Gorm

Computocracy

Posted in English by Gorm on 16/12 -07

Political economy has a huge problem, that of rationality: How to design an intelligent system which can achieve both justice and efficiency? The basic solutions on the table are:

  1. Institutional intelligence (planned economy)
  2. Swarm intelligence (market economy)

Both of these have great and well-known flaws. Planned economy is too slow and clumsy, market economy is too unrestrained (i.e. evil) and also vulgar. On top of that, both systems have their peculiar ways of corrupting the power and infantilizing the people.

A third solution is to make a compromise, where market forces are intelligently restrained, that is, where a government institution strategically adjusts taxes and other regulations. This might be a good idea, but it can’t shake off this final leg iron: the demand for computation inflates the bureaucracy.

This, of course, is where computers come in. Today, I can make a user friendly database with functionality only dreamt of ten years ago. And ten years from now, my guess is that Google will provide a universal database, which one can feed complicated queries in an intuitive query-language (that is, not code), and 0.06 seconds later, recieve intelligent reports from. If there is geographical information in the report, one can immediately switch to GIS-view. If the information has a history, one can view it as a graph. If one has opted for a high-security Google account (or family of accounts), one can safely put in one’s own classified information, and so use it as a personalized database.

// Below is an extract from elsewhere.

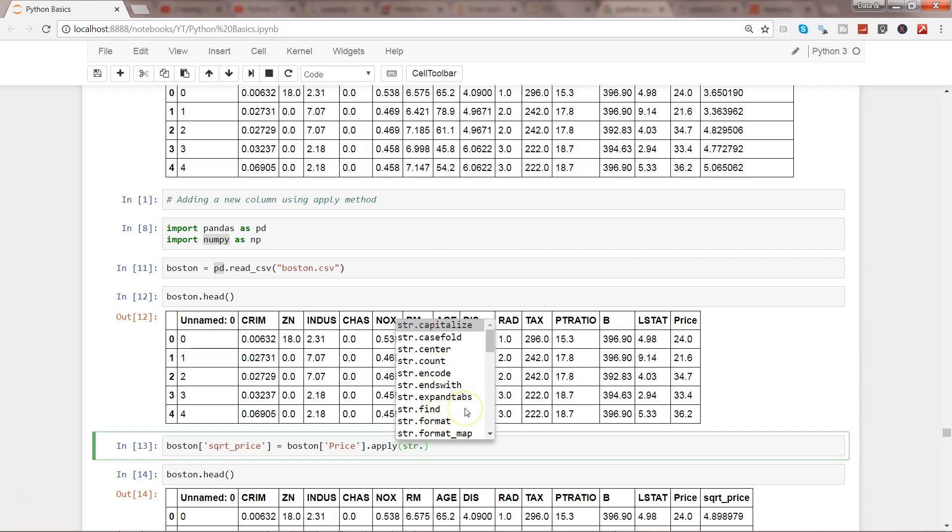Find will not work, but the count and capitalize and all of those which actually return just one output should work fine. So you can experiment with this apply function on either textual data or numerical data and get the output in the desired format.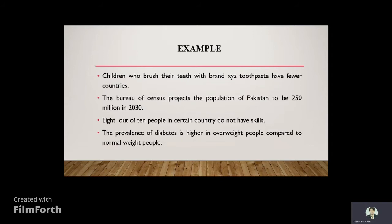For example: the population of Pakistan is estimated to be 250 million in 2030 — that's an estimation in inferential statistics. Eight out of ten people in certain countries do not have a skill — that's descriptive statistics. The prevalence of diabetes is higher in overweight people compared to normal weight — that also uses descriptive and inferential statistics.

This will be divine grace to all bureaucracies (the threat of hackers notwithstanding).

Ten years after that, then, AI will have reached a broadly functional level, and therefore it will quickly be omnipresent — a lot quicker than the Internet managed this. The details of how this massive change will manifest is impossible to foresee. But I suspect it will be a powerful advantage for all things bureaucratical. I dare say this augurs a rapid regeneration of institutional intelligence. Maybe this time the dream of a truly conscious society will be (technically) realizable.

Political platonists of all sorts should rejoice.